The book is a deeply informed and elegantly written combination of cultural history and economics. In a nutshell, Hyman traces the development of consumer debt historically focusing on a kind of tripod that was essential to American capitalism: the auto loan that originated in the 1920s, the federally backed mortgages of the 1930s and the postwar evolution of credit cards out of the department store installment plan. While each one of these was seen as boons to the blue-collar worker, they all ended up ultimately as serving the atomization of the very same workers. The key contradiction of contemporary American capitalism might be seen as the erosion of these kinds of consumer credit “benefits” but the lagging of consciousness that makes collective action possible.
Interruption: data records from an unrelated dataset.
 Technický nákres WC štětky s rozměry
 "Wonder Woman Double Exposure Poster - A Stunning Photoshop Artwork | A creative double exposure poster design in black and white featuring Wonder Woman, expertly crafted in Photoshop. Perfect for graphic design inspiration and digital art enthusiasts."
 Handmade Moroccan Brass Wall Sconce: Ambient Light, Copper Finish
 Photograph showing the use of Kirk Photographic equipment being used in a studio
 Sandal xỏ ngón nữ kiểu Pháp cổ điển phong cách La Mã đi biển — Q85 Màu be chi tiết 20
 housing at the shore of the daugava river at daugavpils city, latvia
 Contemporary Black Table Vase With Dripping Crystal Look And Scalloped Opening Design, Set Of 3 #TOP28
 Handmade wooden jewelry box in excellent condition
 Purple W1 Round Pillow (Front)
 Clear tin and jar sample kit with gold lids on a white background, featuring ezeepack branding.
In a kind of throwaway line in his remarkable new book titled “Debt: the first 5000 years”, David Graeber states: “Henry Ford once remarked that if ordinary Americans ever found out how the banking system really worked, there would be a revolution tomorrow”.
Louis Hyman puts this into a context that was new to me and to most people, including those on the left, I imagine. In a chapter titled “Everybody paid cash for the Model T (1908-1929)”, he discusses Henry Ford, a car manufacturer who came out of a Wall Street hating populist movement.
Although the Model T was the first car geared to the ordinary working person, it was a commodity that was not available on credit. Ford thought of himself as a mechanic first and a businessman last. In his youth, the farmers and many workers despised the Eastern banks as parasites. Using language that might be reminiscent of today’s rightwing populists, Ford lambasted financiers in a 1922 article on “the road to riches”:
Businessmen believed that you could do anything by “financing” it. If it did not go through on the first financing, then the idea was to “refinance.” The process of “refinancing” was simply the game of sending good money after bad. In the majority of cases the need of refinancing arises from bad management, and the effect of refinancing is simply to pay the poor managers to keep up their bad management a little longer. It is merely a postponement of the day of judgment. This makeshift of refinancing is a device of speculative financiers. Their money is no good to them unless they can connect it up with a place where real work is being done, and that they cannot do unless, somehow, that place is poorly managed. Thus, the speculative financiers delude themselves that they are putting their money out to use. They are not; they are putting it out to waste.
General Motors, by comparison, was a much smaller operation at the outset but after the Du Pont Corporation purchased it in 1920, a new approach much more friendly to finance was inaugurated and things took off. John Raskob, a Du Pont vice president and finance expert, hit on the idea of setting up a subsidiary called General Motors Acceptance Corporation (GMAC) that allowed cars to be bought on credit. Raskob understood that this strategy was not only good for GM’s profits but the health of the capitalist system generally. Consumer credit was “the dream haven of plenty for everybody and fair shake for all, which the socialists have pointed out to mankind. But our route will be by the capitalist road of upbuilding rather than by the socialistic road of tearing down.”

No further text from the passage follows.